• _Problem to solve_
Beginning with the line that contains "Pink Ink Designs", transcribe the rest of the listing below exactly, including its last line, and exclude any pictures.

• _Supplied information_
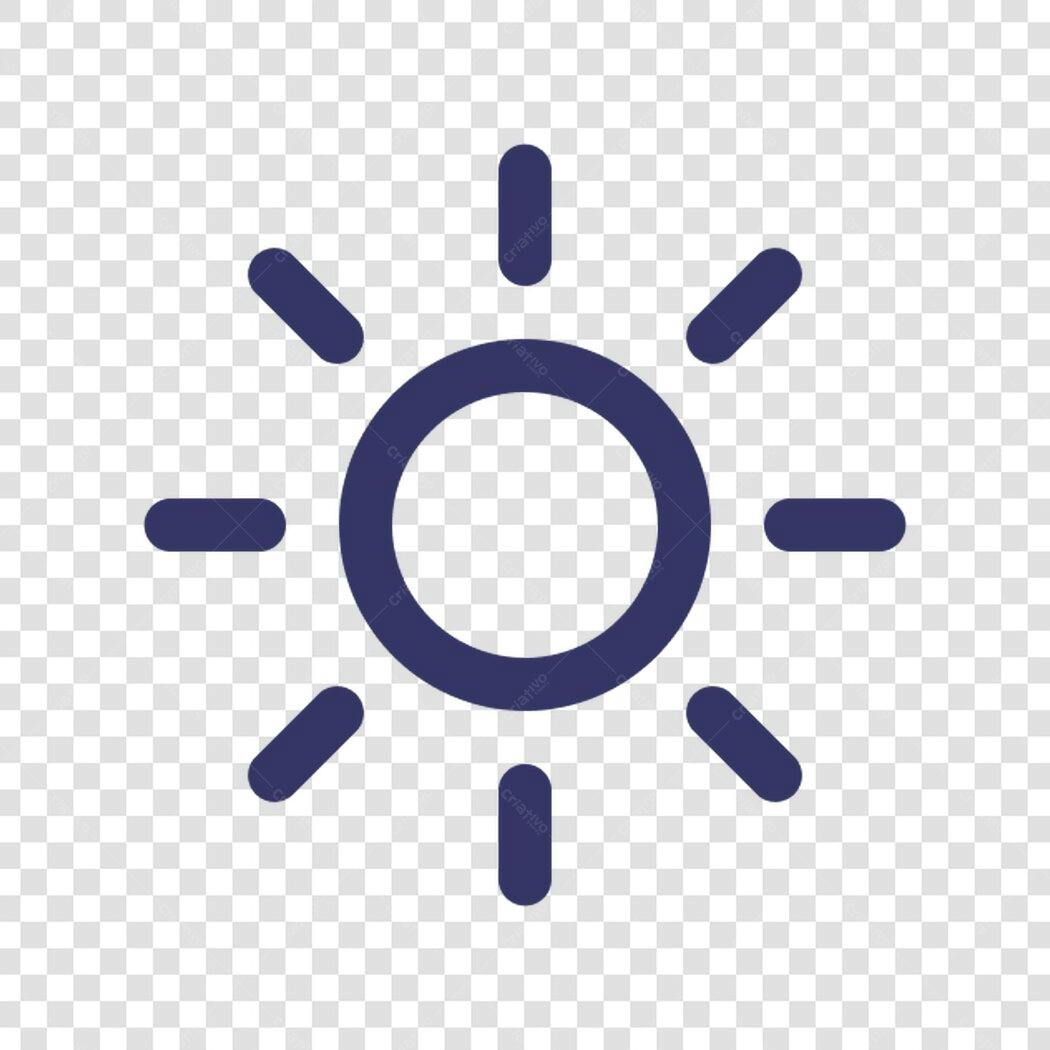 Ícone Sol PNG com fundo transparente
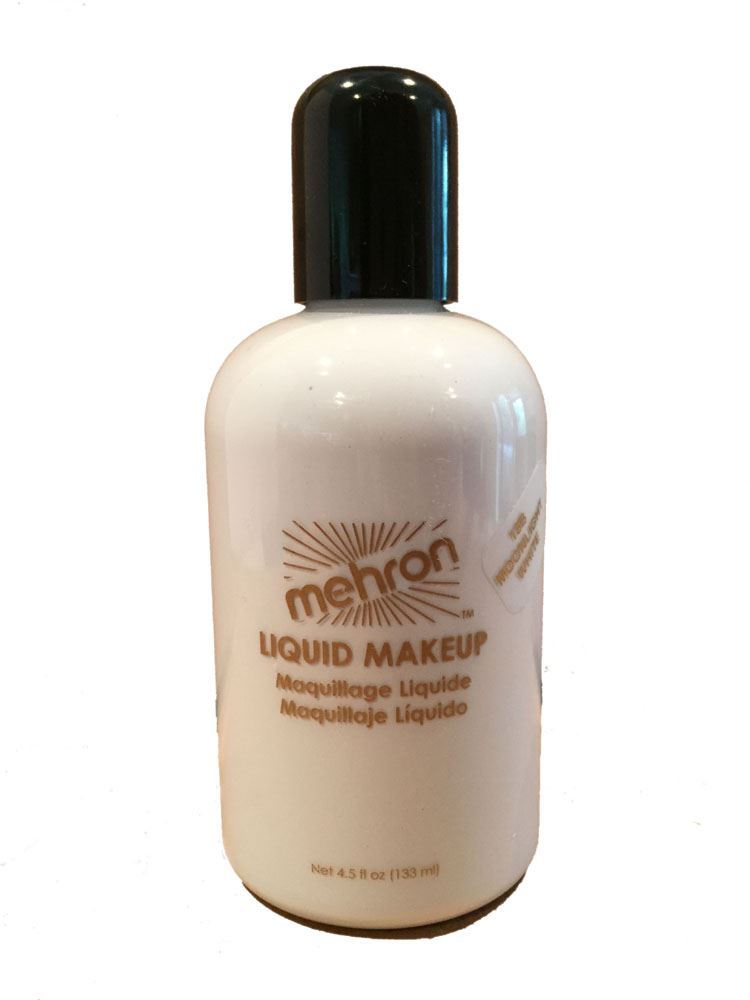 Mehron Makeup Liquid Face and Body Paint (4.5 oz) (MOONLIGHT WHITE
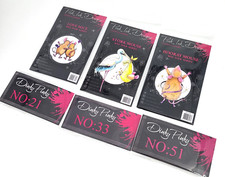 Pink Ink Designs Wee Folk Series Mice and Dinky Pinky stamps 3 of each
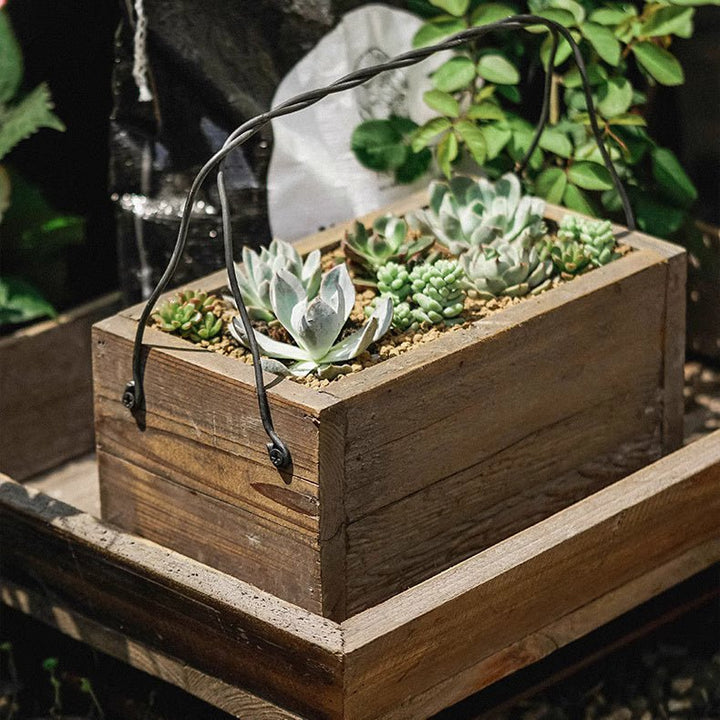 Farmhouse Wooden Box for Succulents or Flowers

• _Written answer_
 Pink Ink Designs Wee Folk Series Mice and Dinky Pinky stamps 3 of each
 Farmhouse Wooden Box for Succulents or Flowers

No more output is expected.